## Try it
For every line below, output the text exactly and leave out images.

[Collected data entries]
──────────
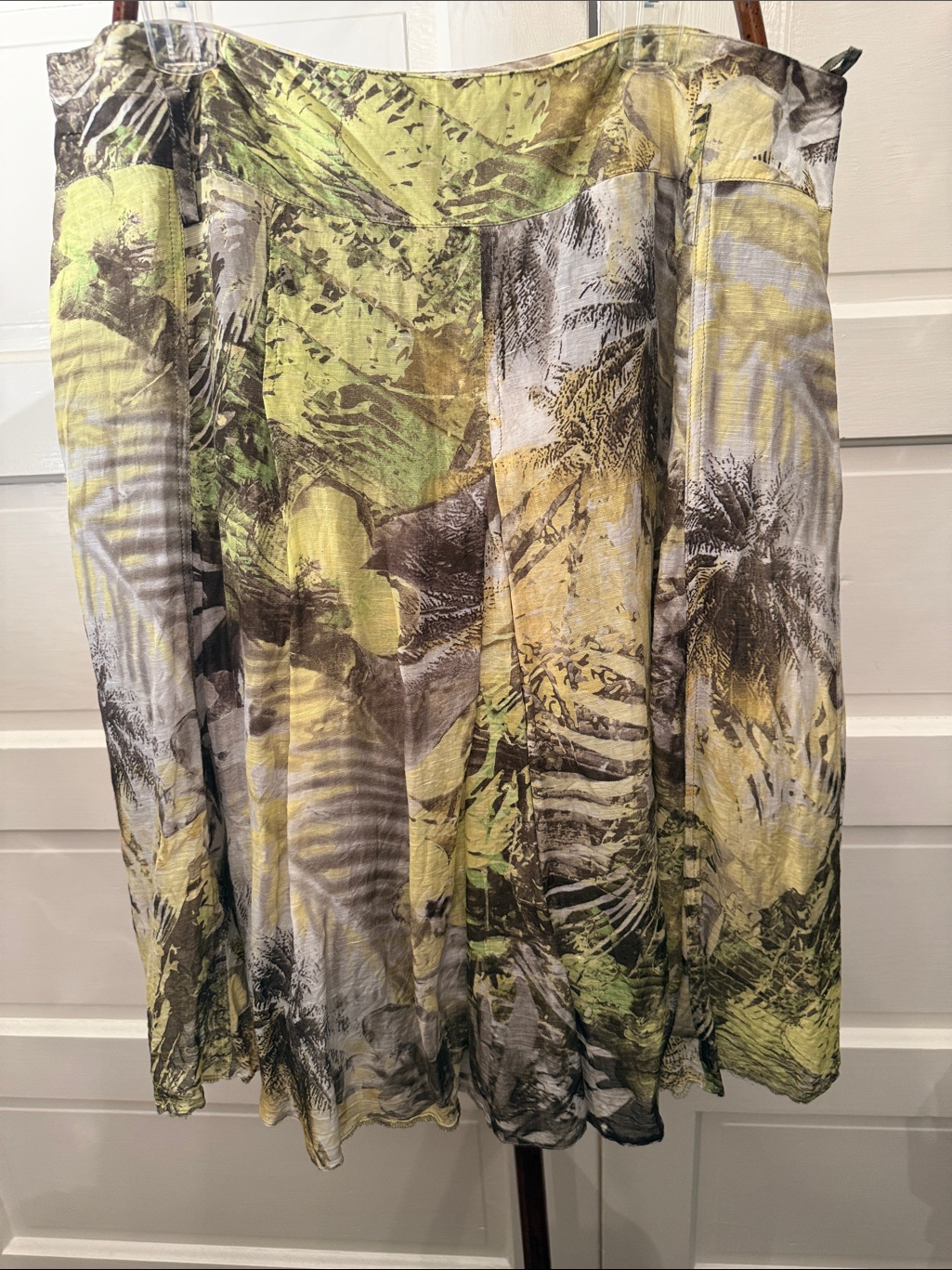 Apanage Collection Linen Blend Tropical Print Pleated Lined Skirt Womenâs 16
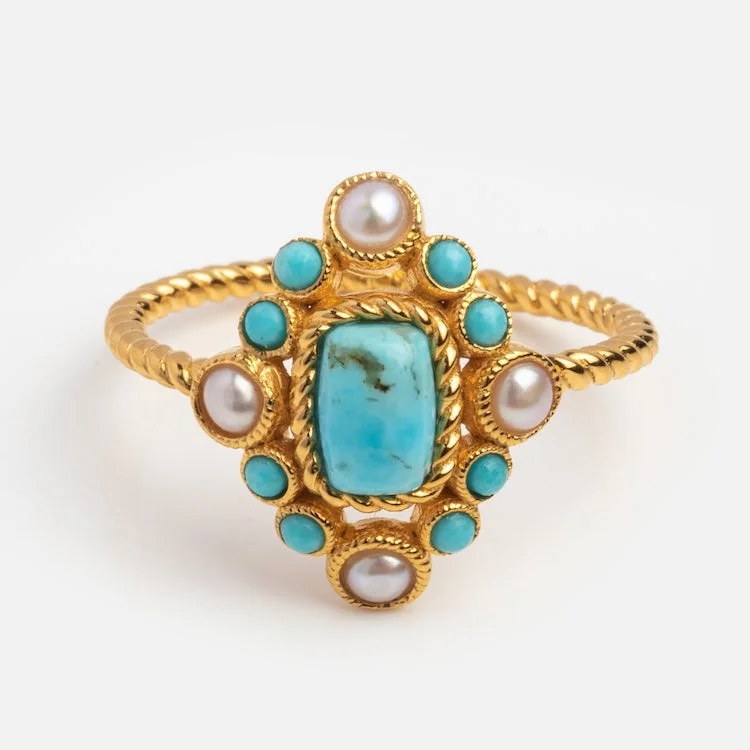 Last Chance To Shop High-End Jewelry At Markdown Prices Hot Items Turquoise and Pearl Statement Santorini Ring Last Chance To Shop High-End Jewelry At Markdown Prices Hot Items Turquoise and Pearl Statement Santorini Ring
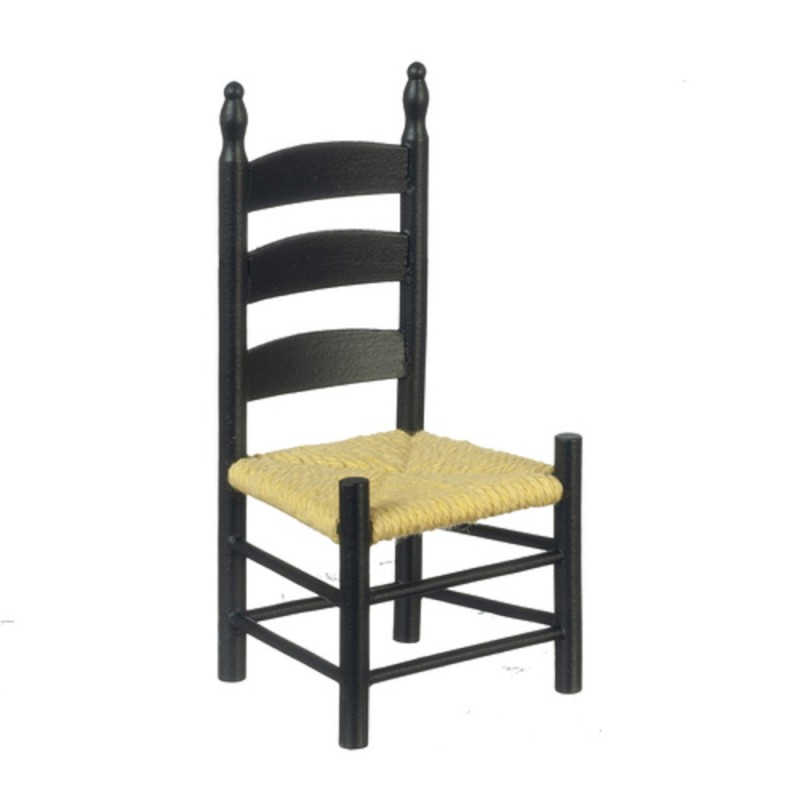 Dolls Houses Black Ladderback Side Chair Miniature Kitchen Dining Room Furniture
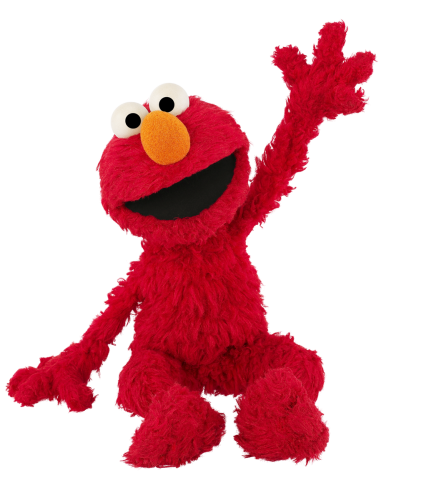 Elmo sitting and waving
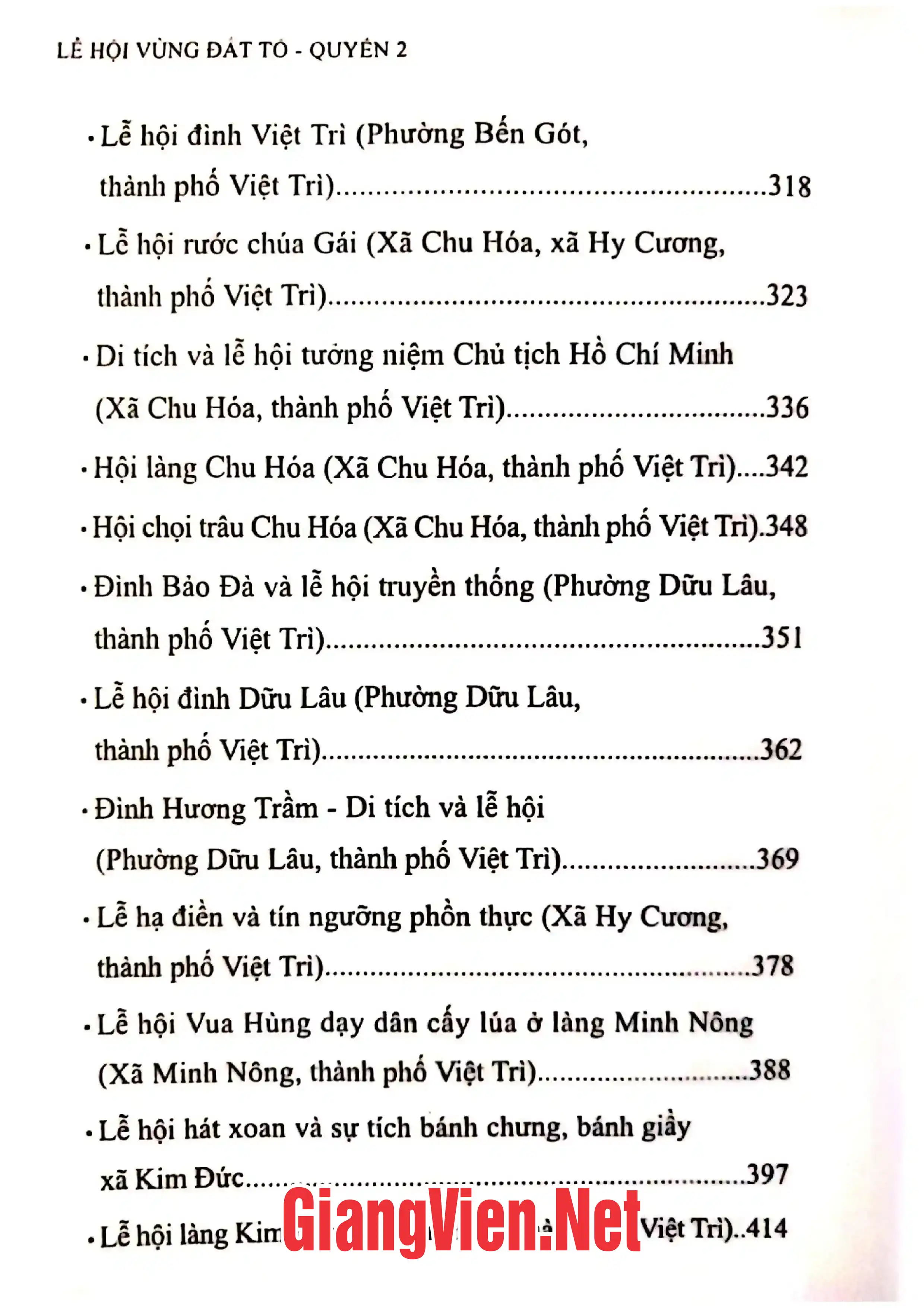 Mục lục chi tiết trang 3 sách Lễ hội vùng đất Tổ quyền 2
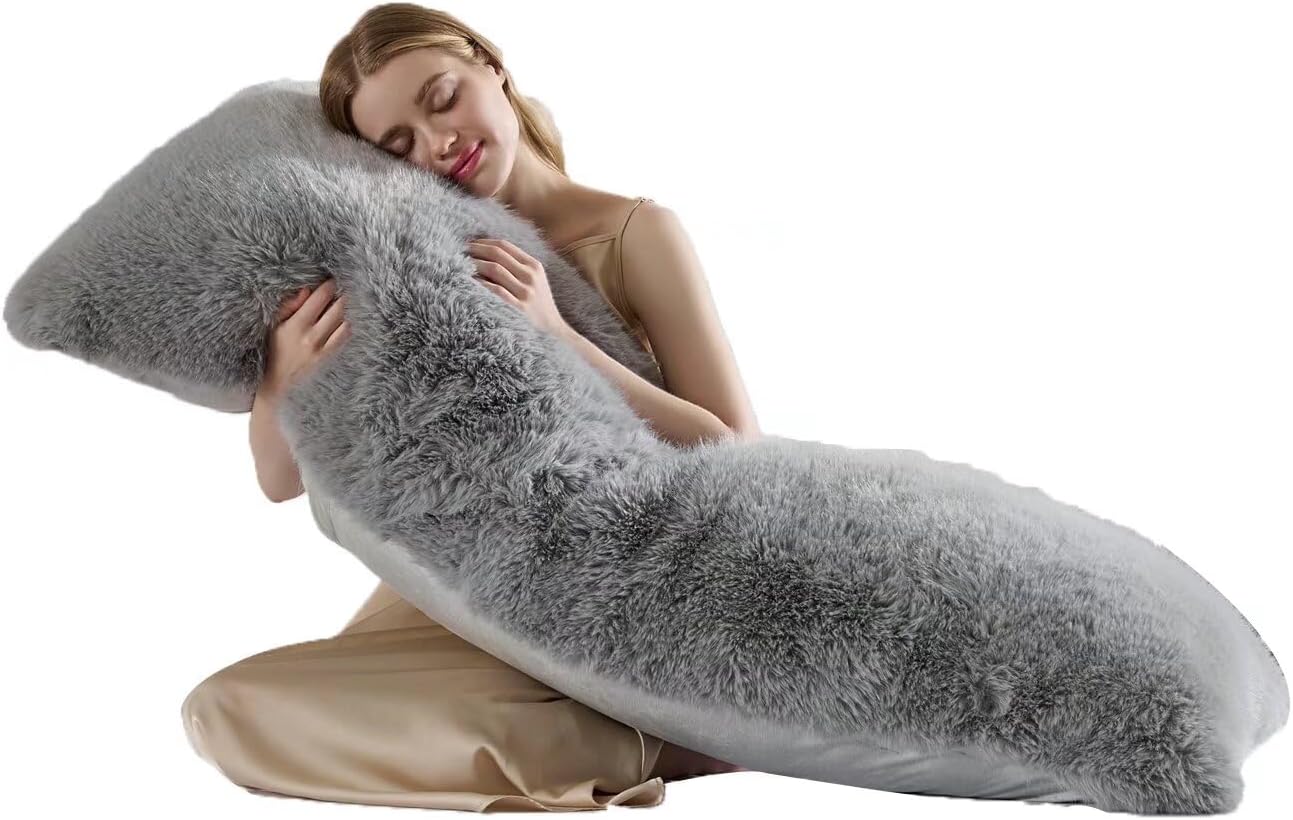 HKMR 20x54 inch Luxury Fluffy Body Pillow Cover(No Filling), Shaggy Furry Body Pillowcase with Zipper, Soft Decorative Plush Full Long…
──────────
## Exercise result
 Apanage Collection Linen Blend Tropical Print Pleated Lined Skirt Womenâs 16
 Last Chance To Shop High-End Jewelry At Markdown Prices Hot Items Turquoise and Pearl Statement Santorini Ring Last Chance To Shop High-End Jewelry At Markdown Prices Hot Items Turquoise and Pearl Statement Santorini Ring
 Dolls Houses Black Ladderback Side Chair Miniature Kitchen Dining Room Furniture
 Elmo sitting and waving
 Mục lục chi tiết trang 3 sách Lễ hội vùng đất Tổ quyền 2
 HKMR 20x54 inch Luxury Fluffy Body Pillow Cover(No Filling), Shaggy Furry Body Pillowcase with Zipper, Soft Decorative Plush Full Long…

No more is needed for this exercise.